Wuppertal · Tine Lowisch lässt ein paar ihrer Gedanken zu kultureller Teilhabe kreisen.

Tine Lowisch

Tine Lowisch

Foto: CLAUDIA SCHEER VAN ERP

Das neue Happening von Boris Charmatz heißt CERCLES. Der Intendant öffnet damit den Inner-Tanzzirkel für alle Körper, Kulturen und Generationen. Dieses Zirkeltraining ist ein Beitrag zur Vorbereitung auf das Pina Bausch Zentrum. Sein zweiter Baustein (nach Wundertal), der die Stadtgesellschaft Wuppertals mit dem Tanzzentrum in Verbindung bringen will.

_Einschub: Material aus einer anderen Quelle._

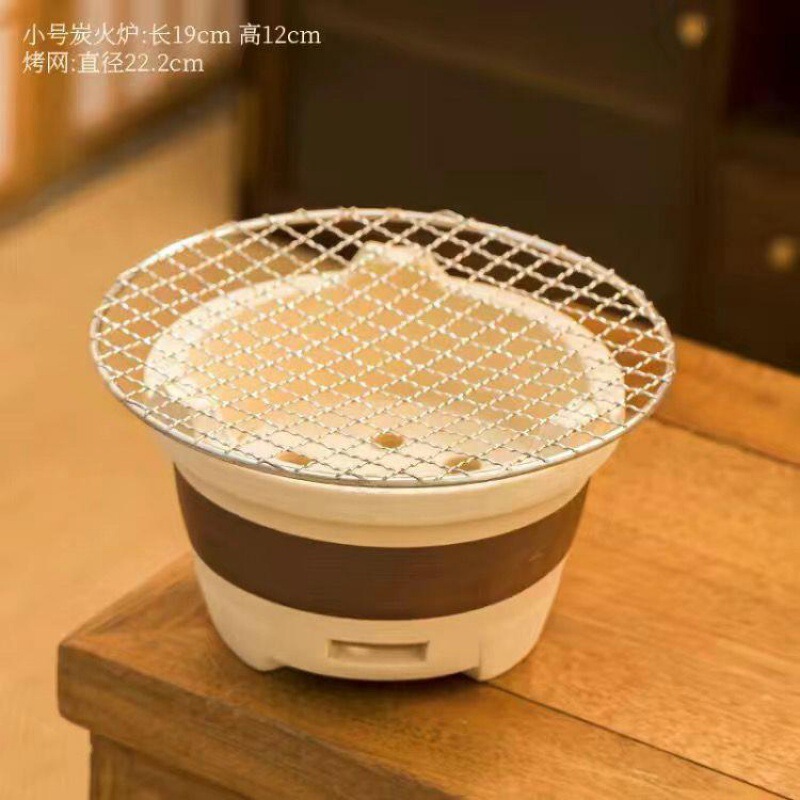 茶とバーベキュー用の炉、家庭用屋内昔ながらのサイドストーブ、インターネット有名人の火ストーブ、木炭泥ストーブ、屋外炭ストーブ|undefined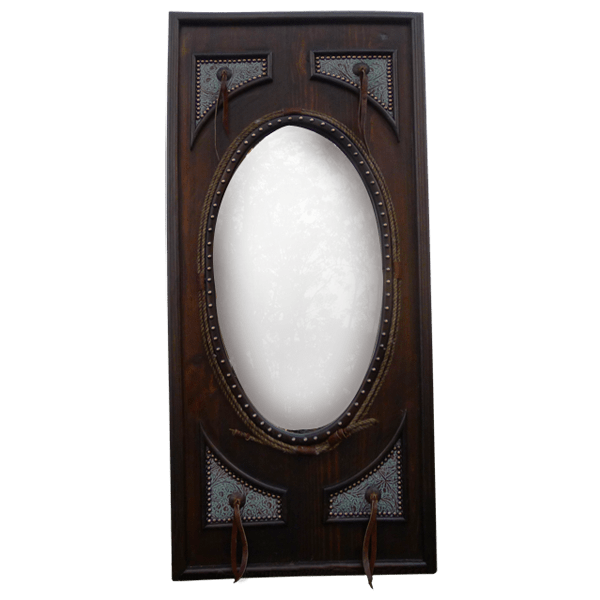 Mirror Wrangler's II acc33a-1 - Jorge Kurczyn Furniture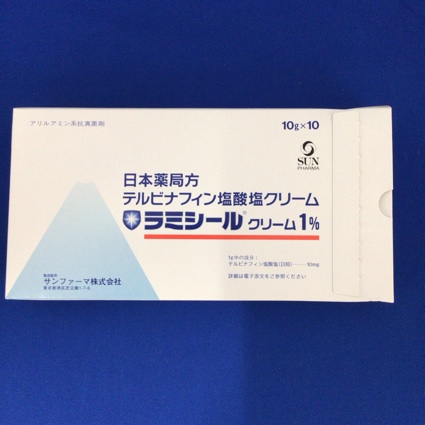ラミシールクリーム1%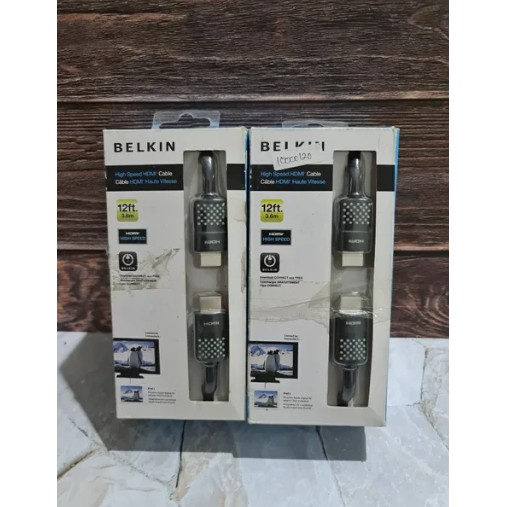 KABEL HDMI BELKIN 3.6 METER HIGH SPEED ORIGINAL RESMI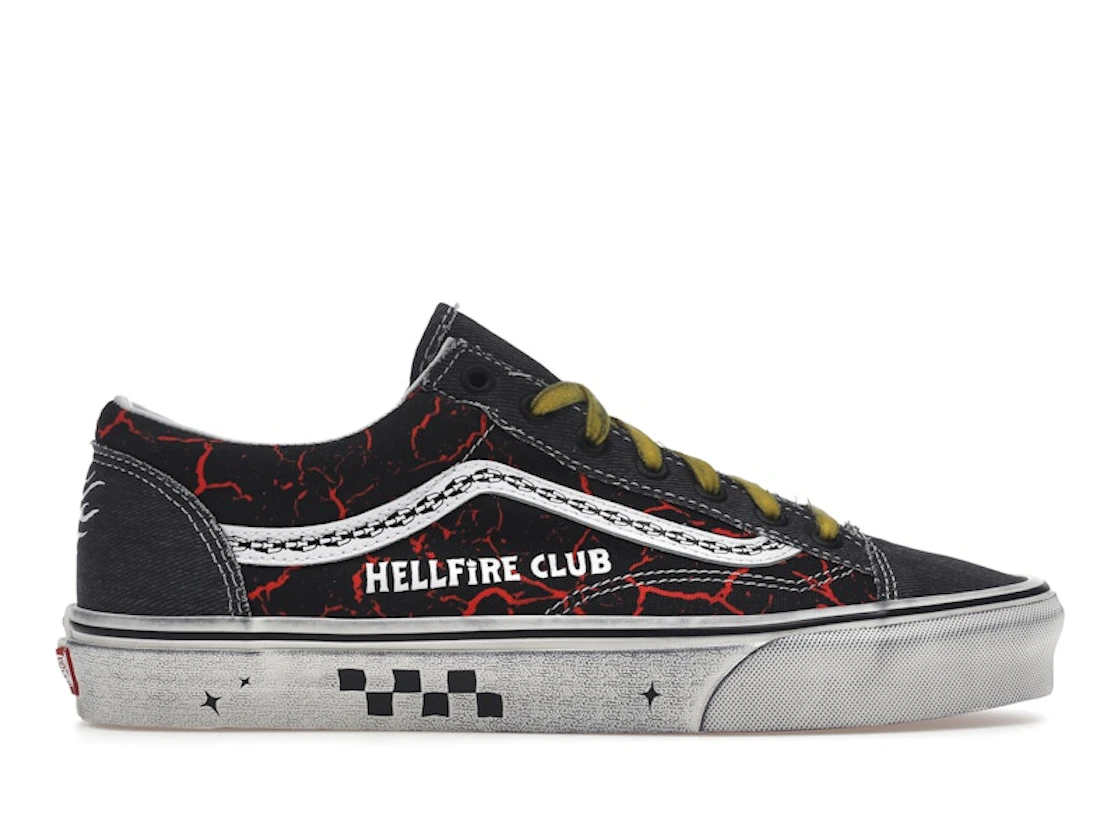 Vans Stranger Things x Style 36 Hellfire Club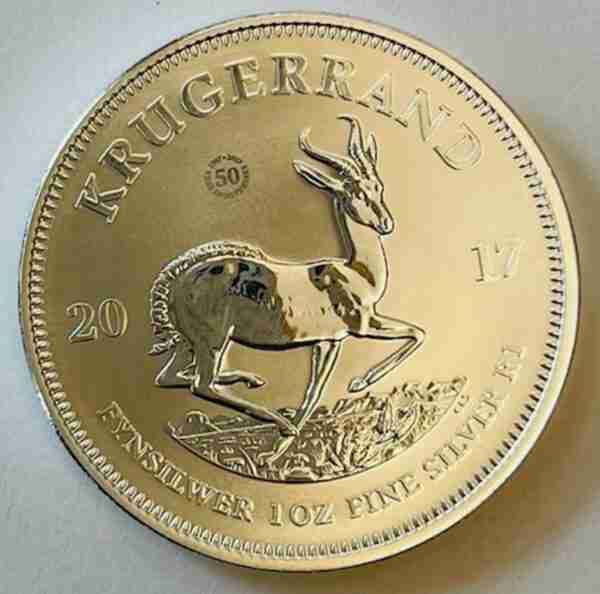 1oz -9999 Silver Coin
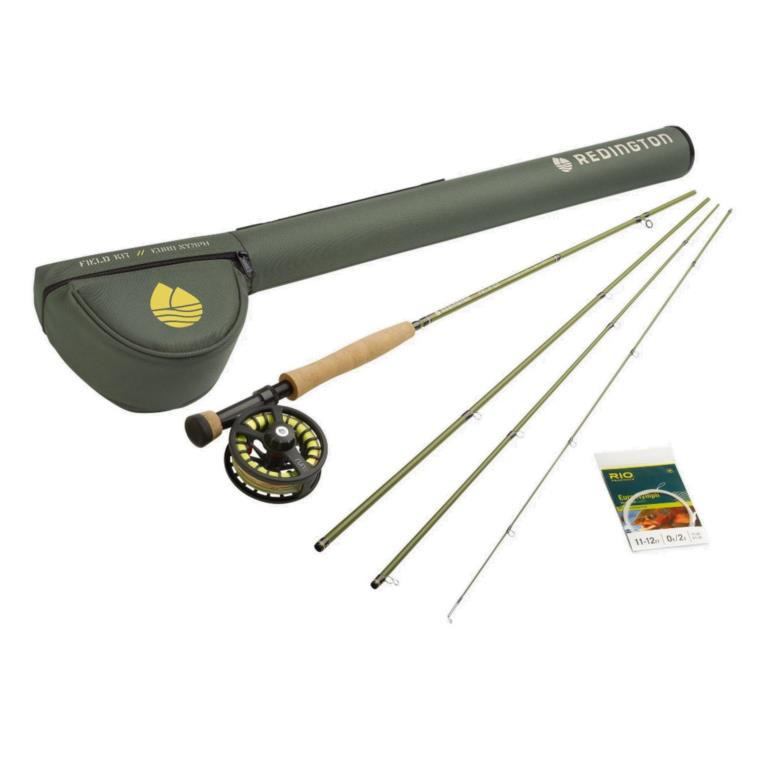 Redington Field Kit - Euro Nymph Rod and Reel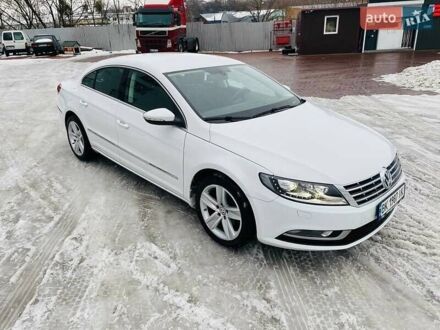 Фольксваген CC / Passat CC 2015 у Львові на Automoto.ua Білий Фольксваген CC / Passat CC, об'ємом двигуна 1.98 л та пробігом 168 тис. км за 12600 $, фото 1 на Automoto.ua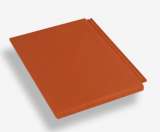 Натуральная черепица волновой профиль и плоский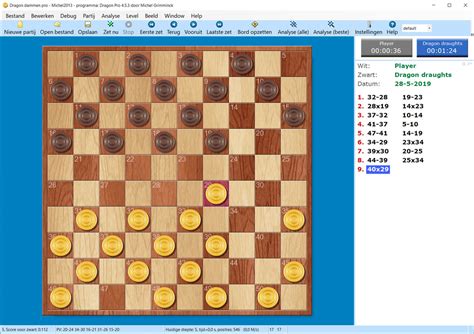 Dragon draughts - computer program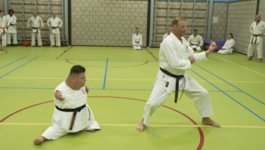 Karate zonder armen en benen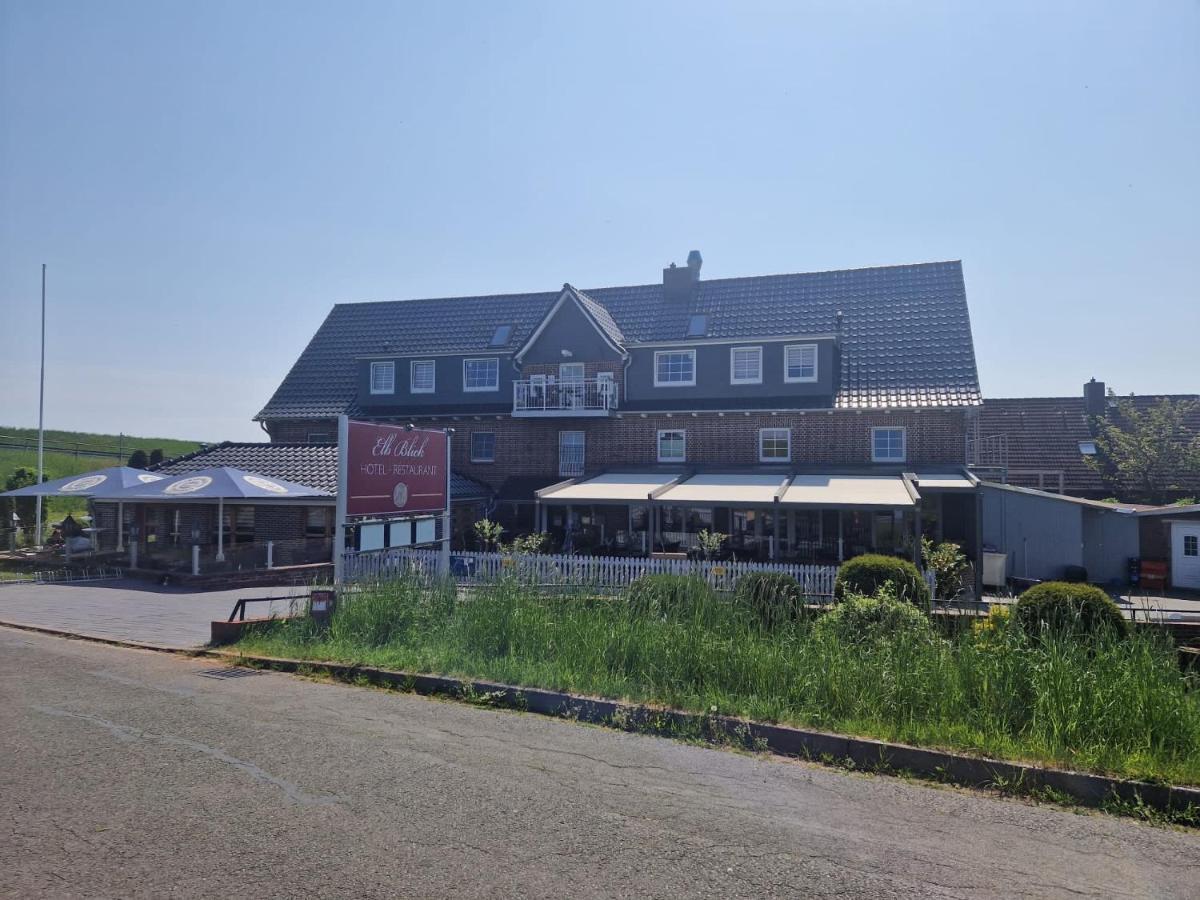 Hotel Elb Blick Jork Exteriér fotografie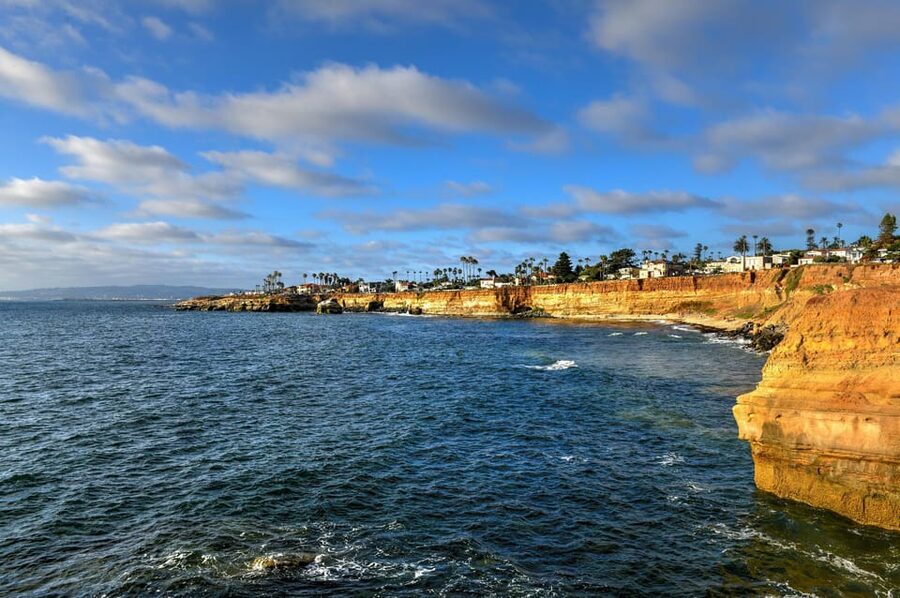 San Diego: Beaches & Bluffs Self-Guided Driving Tour - Mt Soledad for broad San Diego views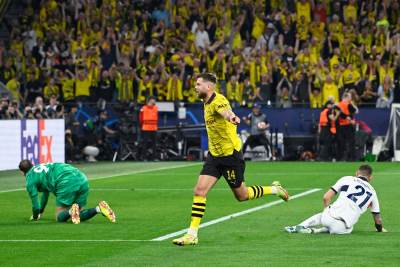  Borusija Dortmund PSŽ Liga šampiona prenos uživo livestream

Dazu kommt der Start des FRAGILE-Festivals an der Kluse, die gerade eröffneten Spielzeiten der Wuppertaler Bühnen, die WOGA Ost und West und viele andere Termine im Kunst- und Kultur-Kalender mehr. Das Sommerloch schließt sich also und die offizielle Saison startet wieder durch. Ich habe nie ganz verstanden, warum Kunst- und Kulturinstitutionen das Potenzial der Sommermonate mehr oder weniger liegen lassen. Die Zeit im Jahr, in der so viele Menschen doch endlich einmal Zeit haben, Kulturangebote überhaupt wahrzunehmen. In den zehn Jahren, in denen wir in der Kunststation Wuppertal den Schwerpunkt unserer Bemühungen auf die Sommermonate gelegt hatten, um die Sommerpause des benachbarten Bürgerbahnhofs auszugleichen, haben wir mit diesem ehrenamtlichen Ergänzungsprogramm durchweg gute Erfahrungen gemacht und darüber hinaus festgestellt, dass gerade in den Sommerferien sehr viele Menschen auf einen kostengünstigen Tagesausflug angewiesen sind. Kulturelle Teilhabe hat viel mit dem sozioökonomischen Status zu tun. Mit der Frage: Mit welchem frei verfügbaren Einkommen lebe ich? Im aktuellen Kunstforum lese ich von einer Non-Profit-Organisation, die auch, genauso wie wir, Kunst im Bürgerauftrag organisiert. Diese neuen Auftraggeber vermitteln schon seit 2007 zwischen Bürgerinnen und Bürgern, die als Initiatoren für Kunstprojekte auftreten, diese Projekte, an Künstlerinnen und Künstler. Gerne im ländlichen Raum, immer auf der Grundlage eines Protokolls, das der Künstler Francois Hers als Erfinder der Nouveaux Commanditaires 1990 in Frankreich entworfen hat. Die Idee dahinter: Kunst im Bürgerauftrag, als „kulturpolitisches Großprojekt von historischer Dimension“. Es geht darum, über den Ansatz des freien Marktes, der sich ja durch Angebot und Nachfrage reguliert, hinauszudenken, und es geht darum, die Wünsche der Menschen an die Kultur, genauer kennenzulernen. Der Begriff der „aufsuchenden Praxis“ aus der Kunst-und Kultur-Förderlandschaft ist dabei besonders interessant, denn ausgerechnet im Rahmen der Freiheit der Kunst ist Selbstermächtigung und Mitbestimmung paradoxerweise eine Methode, die durch die vorhandenen, gewachsenen Strukturen zunächst erschwert – und dann doch gerne übernommen wird.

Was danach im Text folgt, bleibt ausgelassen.